My apartment is number 315. I assumed that would be the third floor, as it would be in America. But I remembered Alla Alexandrovna reminding me in the morning that it was actually the fourth floor. I reasoned to myself that maybe there aren’t apartments on the first floor, so that makes sense. So I go to the fourth floor. Outside the elevator is another locked door. My outside the elevator key, a small key with bumps on the handle, didn’t work in this door. Then I noticed something curious – there is an intercom outside of every outside the elevator door for each apartment behind the door. The apartments listed were in the 250s. That was odd… why would a 200 apartment be on the fourth floor? So I thought perhaps it wasn’t organized by floor as in America, but rather by section. Perhaps if you went through one door you got to the 100s, another door the 200s, etc. So I had found myself in the 200 section and needed to find the 300 section. I felt very clever. So I went back downstairs, out the door, and around the corner to the next entrance. But my round circle didn’t make the door beep. Instead the door buzzed angrily. Something was amiss. Maybe that first door was my entrance after all?
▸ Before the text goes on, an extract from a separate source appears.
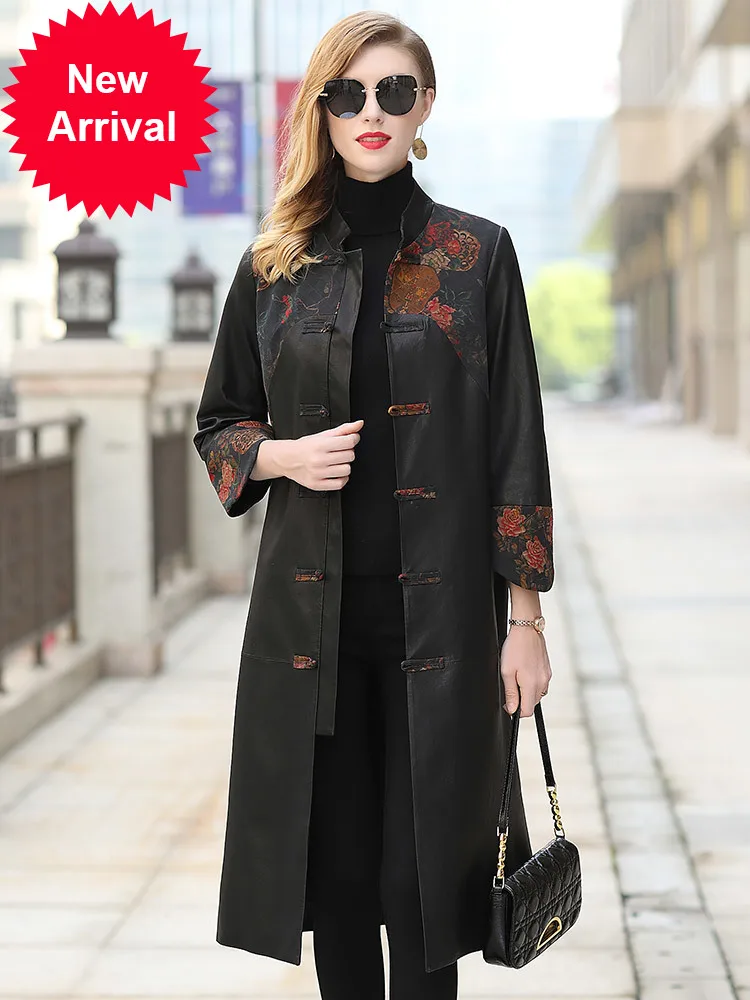 

2020 fashion sheepskin silk cloud yarn windbreaker coat genuine leather coat for women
I slowly and confusedly went back to the original slightly-less-unfamiliar-looking-door. I made the door beep and went back into the lift, trying to figure out what the heck to do next. I had found the metro station, I had found the street, I had found the building; how was it possible that after all that I couldn’t find my apartment? I was in my building for crying out loud! Then it hit me: the numbers don’t make any sense at all and get bigger as you go up. So on the fourth floor are the 250s, and on the fifth the 260s, etc. I knew I remembered Alla Alexandrovna saying something about four and floor, and so I decided to try the fourteenth. Success! There was apt. 315 written on the intercom. Now all that was between me and home was the smallish bumpy key through the outside the elevator door, then the long pole key with a single tooth which, if you twist it in a particular combination of ways and pray to the right gods will unlock the top lock of the apartment’s outside door, then the smallish smooth key that would unlock the bottom lock of the apartment’s outside door, then the long pole key with two bumpy teeth for the top lock of the inside apartment door, then the long key with the holes in the pole that would unlock the bottom lock of the apartment door. So, naturally, I rang the buzzer so that Alla Alexandrovna would unlock all of the above-mentioned impediments to my arriving at home and let me in.

And after my long trek home after a long day in the city, I was ravenous. Which I think made Alla Alexandrovna very happy.